EMPLOYMENT APPEAL TRIBUNAL
58 VICTORIA EMBANKMENT, LONDON EC4Y 0DS
             At the Tribunal
             On 18 December 2001

Before

HIS HONOUR JUDGE D M LEVY QC

MR J HOUGHAM CBE

MR W MORRIS



MR J A CAMERON APPELLANT

KURT MUELLER (UK) LTD RESPONDENT


Transcript of Proceedings

JUDGMENT

Revised

© Copyright 2001


    APPEARANCES

     

    For the Appellant MR C SPRATT
    (of Counsel)
    Instructed by:
    Mr Jeremy N Young
    Messrs Baily Gibson
    Solicitors
    30 High Street
    High Wycombe
    Bucks HP11 2AG
    For the Respondent MR T LINDEN
    (of Counsel)
    Instructed by:
    Mr P Schofield
    Engineering Employers Federation
    Broadway House
    Tothill Street
    London SW1H 9NQ


     

    JUDGE D M LEVY QC

  1. By an Originating Application dated 30 March 2000, Mr J A Cameron ("the Appellant") complained that he had been unfairly dismissed and that, Kurt Mueller (UK) Ltd ("the Respondent") were in breach of contract. The IT3 by the Respondent was submitted on 25 April 2000.
  2. There was a hearing of the Appellant's complaint before an Employment Tribunal sitting in Reading on 20 July 2000. The Decision was promulgated on 4 August 2000; the Decision was that the Appellant succeeded on his claim for unfair dismissal; compensation was assessed and awarded.
  3. An appeal from that Decision dated 15 September 2000 came for a preliminary hearing before a panel headed by Miss Recorder Slade QC. She found, with her colleagues, that there was an arguable case and sought the Chairman's notes for the benefit of the appeal, which we have heard today. Mr Spratt appeared at the Court below on behalf of the Appellant, and he has appeared before us today. Mr Linden, on this occasion, appears for the Respondent.
  4. It seems to be common ground that the appeal raises four matters. First, whether the Employment Tribunal considered whether it should make a reduction as considered in Polkey -v- A E Dayton Services Ltd [1988] AC 344 and decided to make one. Secondly, a complaint about the extent of the reduction which was made. Third, a complaint about the finding that the Appellant would retire at the age of sixty two, and fourth, a complaint about the finding that the Appellant would receive income from self-employment for twelve months.
  5. As to the first issue, which really forms the springboard for the others, Mr Spratt submitted that there was no evidence on which the Tribunal could have made its findings on Polkey. It was put this way by Miss Recorder Slade:
  6. "5 The grounds of appeal challenge the approach of the Employment Tribunal in considering itself obliged to apply a percentage reduction to the compensation and to consider a percentage likelihood that the dismissal would have happened in any event had proper enquiries been made as to whether there was alternative employment which could have been offered to the Appellant, having regard to the likelihood that he would have accepted that employment. The point is made that there is no material finding of fact upon which the Tribunal could base its finding in paragraph 16 and the reduction by two thirds of the compensatory award"

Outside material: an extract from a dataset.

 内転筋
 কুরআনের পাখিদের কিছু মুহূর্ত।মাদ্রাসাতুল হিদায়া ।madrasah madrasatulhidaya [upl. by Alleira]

    We have had the advantage, which the panel hearing the preliminary appeal did not, of seeing the notes of evidence and not only the notes of evidence, but the witness statements which preceded the hearing before the Tribunal. It is clear to us because we have been taken to the appropriate passages, that there was material from which such findings of fact were made and could be made in the circumstances of the case.

  7. In paragraphs prior to paragraph 15 of the Extended Reasons the Tribunal, considered whether the dismissal of the Appellant was fair. It concluded that it was unfair for many reasons of which one was because almost anything to do with redundancy had not been properly considered by the Respondent.
  8. Having made those findings, the Tribunal's Extended Reasons continued:
  9. "15. The Tribunal invited submissions on the effect of Polkey -v- A E Dayton. That case has two limbs to it, one is that the dismissal may not be unfair if following procedures would have been totally useless. The Tribunal do not find that this was the case. There was a possibility that the dismissal might not have happened had full proper procedures been followed. However, the Tribunal must also consider under that case the possibility of a percentage likelihood that the dismissal would have happened in any event had proper procedures been followed. If the Tribunal does so find then a percentage reduction to the compensatory award, not the basic award, may be applied if the Tribunal consider it just and equitable to do so."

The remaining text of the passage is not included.